YOUR OBJECTIVE. Only the pictures are to be dropped, and the rest of the data should be copied exactly.

AVAILABLE DATA.
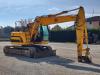 JCB JZ 140 D Photo 7 thumbnail
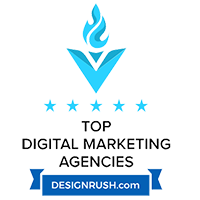 Top Digital Marketing Agency in Texas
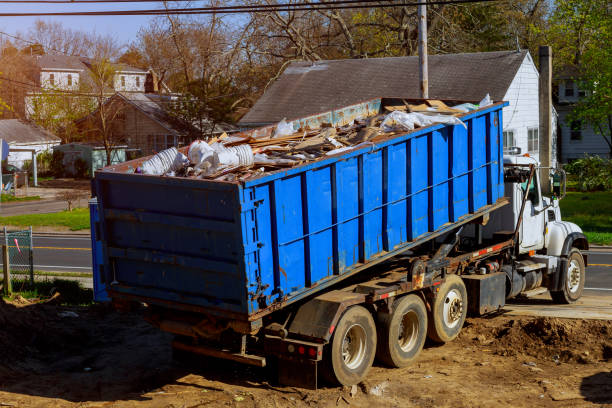 Best Appliance Removal Near Me  in Charlottesville, VA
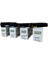 Samsung C-M-Y-K506L Uyumlu Toner Seti- CLP-680/CLT-K506L/SU175A Samsung C-M-Y-K506L Uyumlu Toner Seti- CLP-680/CLT-K506L/SU175A 3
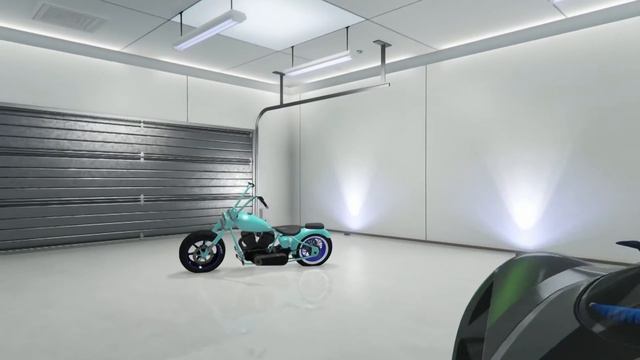 Мод аккаунты GTA 5 online смотреть онлайн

SOLUTION FOR THIS PROBLEM.
 JCB JZ 140 D Photo 7 thumbnail
 Top Digital Marketing Agency in Texas
 Best Appliance Removal Near Me  in Charlottesville, VA
 Samsung C-M-Y-K506L Uyumlu Toner Seti- CLP-680/CLT-K506L/SU175A Samsung C-M-Y-K506L Uyumlu Toner Seti- CLP-680/CLT-K506L/SU175A 3
 Мод аккаунты GTA 5 online смотреть онлайн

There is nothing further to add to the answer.